I restarted my French studies more than 5 years ago now, with the purchase of Rosetta Stone. I started, then stopped for some while, then picked it up again. Since October 24th of 2013 I have succeeded in “touching” French every single day.
But I haven’t made the kind of progress I wanted/expected to make. Some of it is that there is always something else going on and touching French often meant 10 minutes with flashcards. That’s not enough to make progress in the language, but it has been enough to halt some of the backsliding.
The tools I was using in my last post on this have changed quite a bit. I wish I could say I’m still writing, but that’s just not true. I even started a story that I was writing in French with my tutor correcting me as I went, but when she moved to France, that went by the wayside.
I’m still reading. I’ve stopped subscribing to French Accent Magazine and have started reading thinkFrench. For where I am, I find it much more helpful. They have marked many of the newer/harder/more advanced terms and vocabulary and provided translations in the sidebar. This has allowed me to actually focus on reading for sense and not stopping every few words to open up WordRefence.
I have completed four seasons of Coffee Break French and I can not recommend that series enough to anyone starting out. I used that for listening practice and, the last two seasons, as a way of getting a sense of how the language works. I can not say that I understood the “letters” the first time through and relied heavily on the premium version in the fourth year for the line-by-line work that they do, explicating the language and the nuances of construction.
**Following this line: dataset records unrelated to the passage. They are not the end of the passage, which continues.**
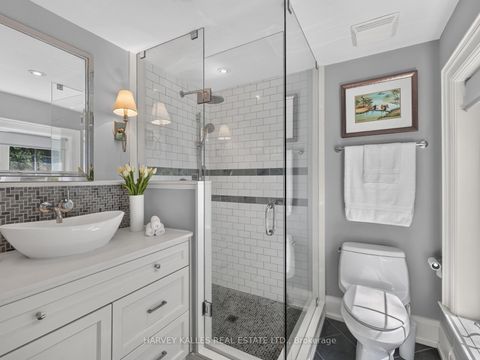 Photo 27 at 107 Stratford Crescent, York Mills, Toronto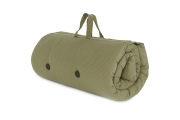 FC Roly Poly Half Rib Green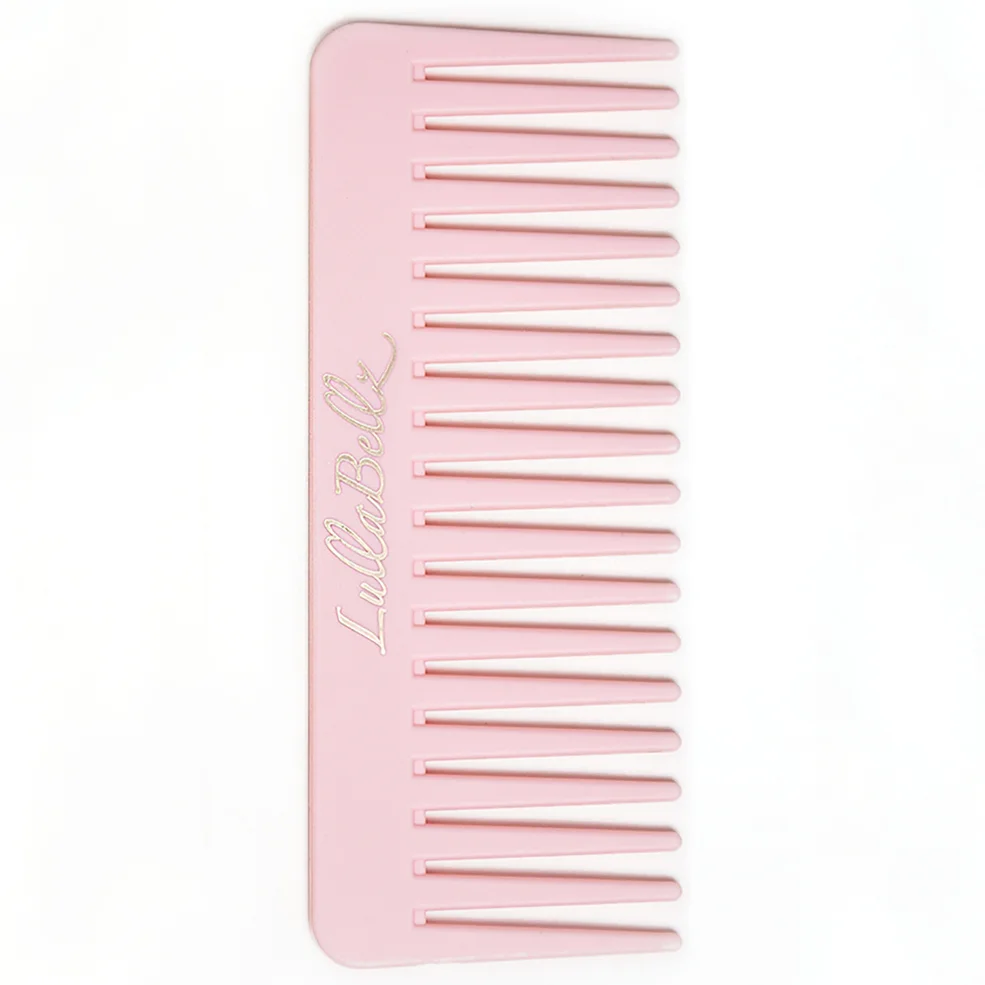 LullaBellz Hollywood Wave Comb Image 1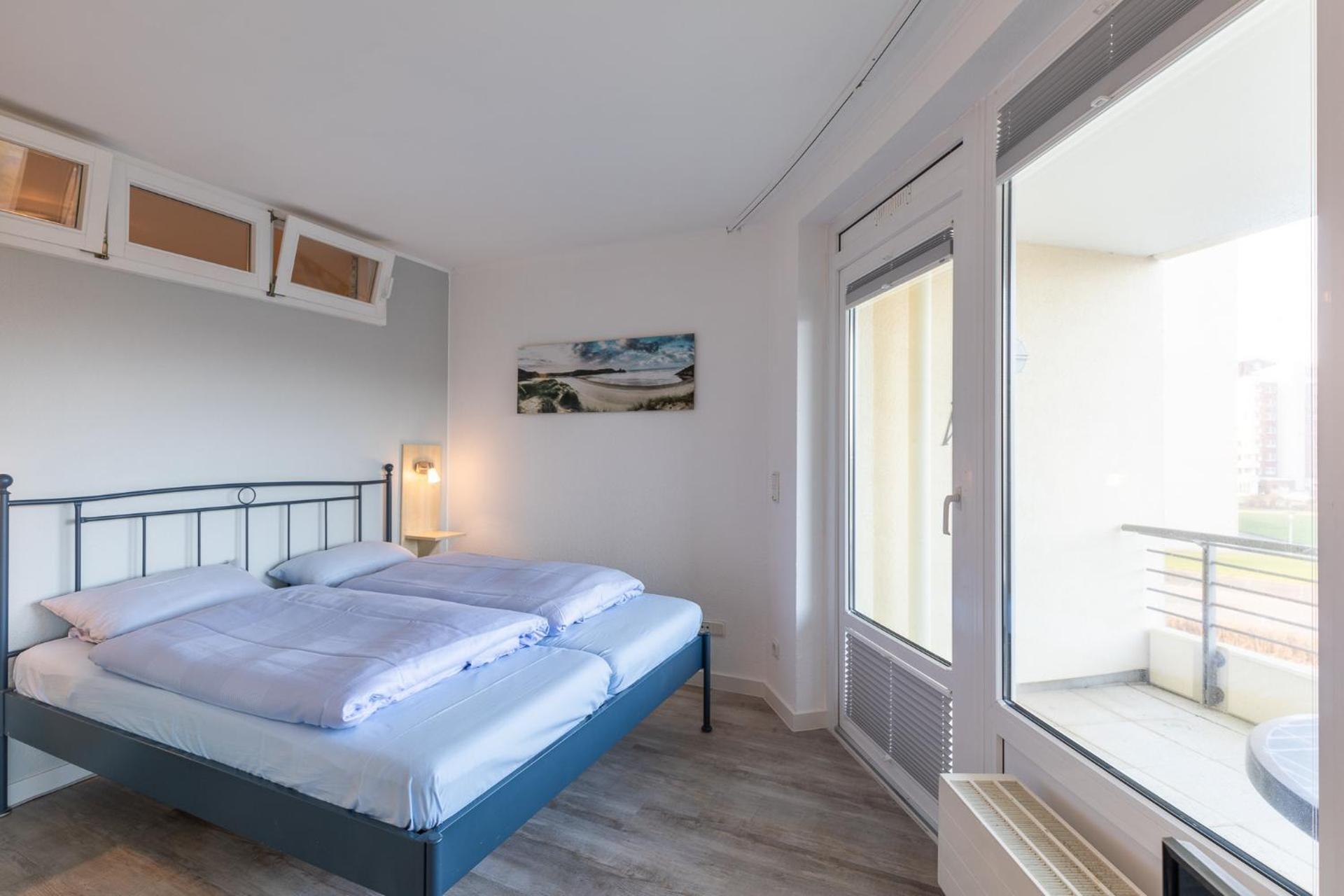 Kurpark Residenz, App 219b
My girlfriend and I had purchased many of the French Today audio books and they sat on the same virtual shelf as Rosetta Stone for a couple of years. Wanted to focus on hearing and reading, I pulled those off the shelf and have found them to be very good resources, especially for vocabulary and the actual act of listening to French speech.
The biggest thing I’ve done in the last year to gain in proficiency has been to focus on vocabulary. I bought the book Fluent Forever and began following the suggestions for building vocabulary. I created a deck of my own flashcards. The act of gathering the words to use, getting images and definitions, was an education in itself. When I don’t do anything else on a certain day, I’ll run the flashcards and my vocabulary has grown tremendously.
Now I’m getting back into Rosetta Stone with an eye towards gaining more progress in the language. I’ll use those lessons as a way to gain more vocab but then also learn to put the vocab into grammatically correct sentences! Last winter I took a French 1 class for adults through UW Extension in order to get more practice hearing spoken French and speaking it myself. Tonight (Feb 1, 2017) I begin French 2 which will be held at The French House. That will be a trip. I do not have confidence at all in my ability to carry a conversation. Which, of course, is the point of taking a class.
Souhaite-moi bonne chance !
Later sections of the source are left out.